A previsão era de que a investigação terminasse em janeiro, mas o prazo foi prorrogado para junho. Nada impede que isso ocorra novamente.
Segundo o presidente do STF, o ministro Dias Toffoli, o inquérito já produziu, independentemente de seus resultados, uma inibição de ações que geram “instabilidade institucional”.
“Da noite para o dia, mais de 70% das fake news que rodavam nas redes sociais desapareceram”, disse Toffoli em entrevista ao site ConJur.
Fake news também são alvo de CPMI
Também está em curso no Congresso uma Comissão Parlamentar Mista de Inquérito sobre a veiculação de notícias falsas, a CPMI das Fake News.
A comissão foi criada para investigar suspeitas de ataques na internet e utilização de perfis falsos para influenciar as eleições 2018 e foi ampliada para apurar o possível uso dessas práticas depois do pleito.
Depoimentos feitos à comissão apontaram a participação de dois filhos do presidente, Eduardo e Carlos Bolsonaro, e de assessores próximos em campanhas na internet para atacar adversários.
Alvo de ataques em sites e redes sociais, a deputada federal e ex-líder do governo Joice Hasselmann (PSL-SP) apresentou um dossiê à comissão em que aponta “milícias digitais” em torno de Bolsonaro que praticam ataques orquestrados a críticos de sua gestão.
Segundo ela, as ofensivas são impulsionadas por robôs, por Carlos e Eduardo e por assessores do Poder Executivo e de parlamentares aliados do governo.

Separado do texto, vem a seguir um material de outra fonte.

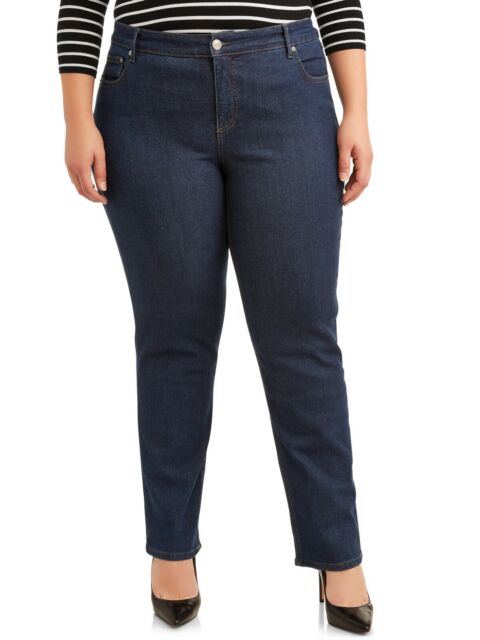 Women's Terra and Sky 2 Pocket Plus Size Pull On Dark Denim Petite Stretch Jeans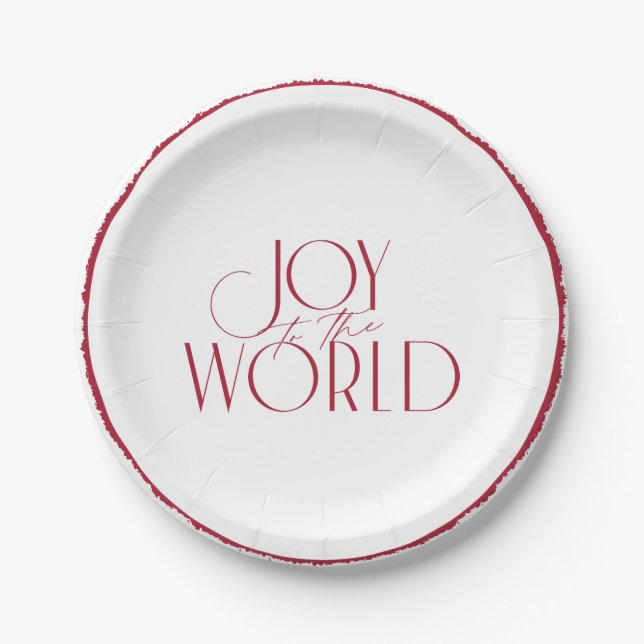 Joy to the World deckle-edged circle Christmas Paper Plate (Front)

Outro deputado federal, Alexandre Frota (PSDB-SP), também alvo de ataques e outro ex-aliado, fez acusações semelhantes.
Para a deputada federal Lídice da Mata (PSB-BA), relatora da CPMI, “é muito difícil imaginar que exista um gabinete atuando ali e que ele (Bolsonaro) não saiba o que acontece ali”. Ela ressalta que o presidente não foi implicado diretamente em nenhum depoimento, mas sim seus familiares e auxiliares.
Segundo Da Mata, há três núcleos sob investigação: “o operacional, que conta com assessores de deputados estaduais e federais; o distribuidor, que envolve sites e blogs; e o núcleo econômico, que todos queremos identificar”. Um dos objetivos próximos passos da CPMI é “seguir o caminho do dinheiro”.
Na CPMI, Eduardo Bolsonaro afirmou que não iria fazer perguntas a Frota por “ter mais o que fazer”. “Tenho que trabalhar, em vez de ficar aqui ouvindo baboseiras e ilações sem qualquer conexão com a verdade.”
As acusações de Frota e Joice foram rebatidas por deputados da base governista e aliados do presidente, que as classificaram de “falsas”, “fruto de vingança”, “sem provas” e “conto de fadas”. A CPMI das Fake News foi apelidada por eles de CPI da Censura.
A comissão tinha a previsão de ser concluída até abril de 2020, mas seu prazo foi prorrogado por tempo indeterminado no final de abril.